Scott Elder has a pretty typical morning routine. He wakes up at 7 a.m., drinks coffee and feeds the dogs, Bella (a rat terrier) and Spencer (a Chihuahua). But on Jan. 12, 2022, Elder's routine was interrupted by a concerning phone call.
Elder is the superintendent of Albuquerque Public Schools in New Mexico, and the call came from his district's IT department, saying they had found some sort of computer virus.
He recalls thinking, "Oh, we've got a bug in the system and they found it so they'll just kill it and we'll be done, right?"
The bug was in the student records system. So Elder's IT staff shut that network down. But that meant teachers wouldn't have access to basic information about the almost 70,000 students enrolled in New Mexico's largest school district. Educators couldn't take attendance, wouldn't know children's bus routes and were locked out of grading systems.
Meanwhile, IT staff was desperately trying to figure out whether the computer virus had spread to their health records, security system and payroll.
Over the course of the morning, Elder began to understand the enormity of the situation.
"I would say that I went from mildly disturbed at 7 a.m., to very concerned by 9 a.m., to sick to my stomach by noon because I was beginning to realize that this was not a one-day event, that we had a real problem."
Then came the ransom demand for more than a million dollars.
School systems of every size have been hit by cyberattacks, from urban districts like Los Angeles and Atlanta, to rural districts in Pennsylvania and Illinois. And the problem has been growing.
While it's hard to know exactly how many K-12 school systems have been targeted by hackers, an analysis by the cyber security firm Emsisoft estimates that 45 school districts were attacked in 2022. In 2023, Emsisoft found that number more than doubled, to 108.
"The education sector has been and continues to be very heavily targeted," says Brett Callow, an Emsisoft threat analyst.
Experts like Callow say these attacks are often carried out by hackers outside the U.S. They can involve ransomware, where hackers lock data up and demand payment to "unlock" it. They may also threaten to release data publicly if districts don't pay up.
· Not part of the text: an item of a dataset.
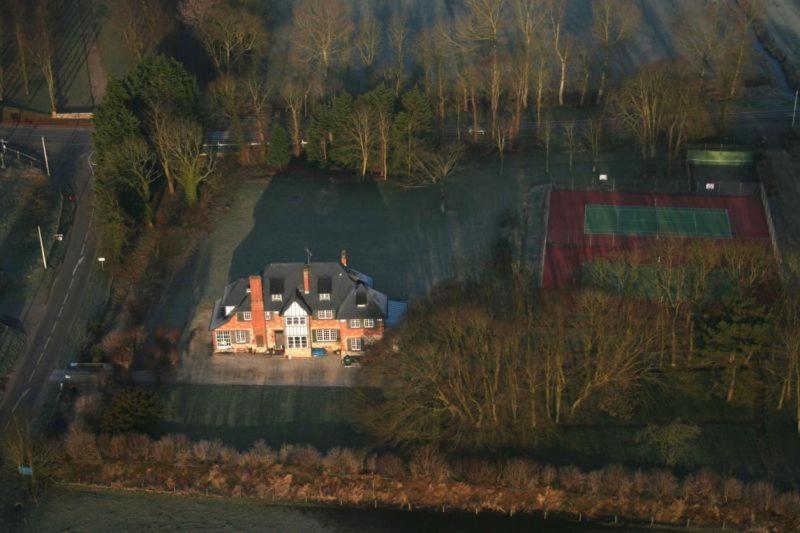 D'hôtes Le Chez Qui J'habite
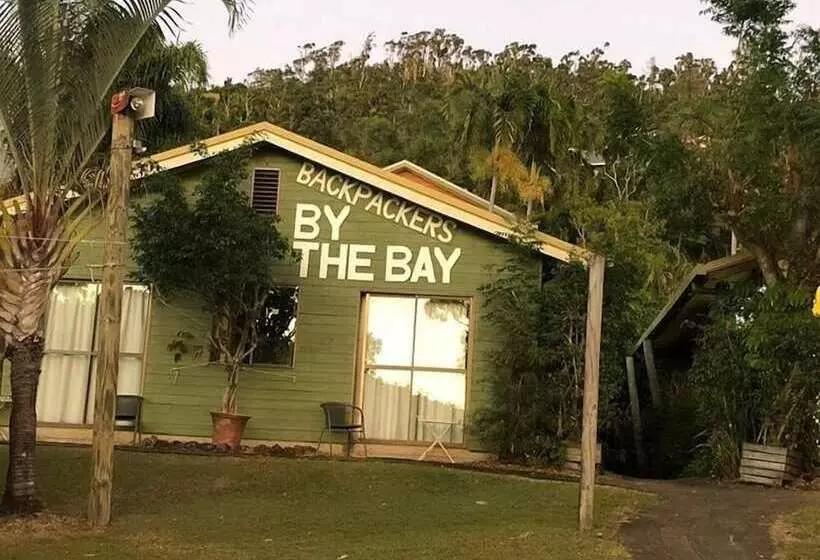 Retkeilymaja Backpackers By The Bay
These attacks can also involve "Zoombombing," where someone intrudes on a video call, often with pornographic or hateful images; denial-of-service attacks, which prevent or slow the use of networks; and phishing, an attempt to access data through fraudulent emails.
In many cases, sensitive data about students and staff – including social security numbers, sexual assault records and discipline information – has been stolen. Some of this information can be used to steal identities or redirect payments.
According to a 2022 U.S. Government Accountability Office report, it can take up to three weeks for classes to get back to normal after an attack; but behind the scenes, it's taken some districts nine months to recover.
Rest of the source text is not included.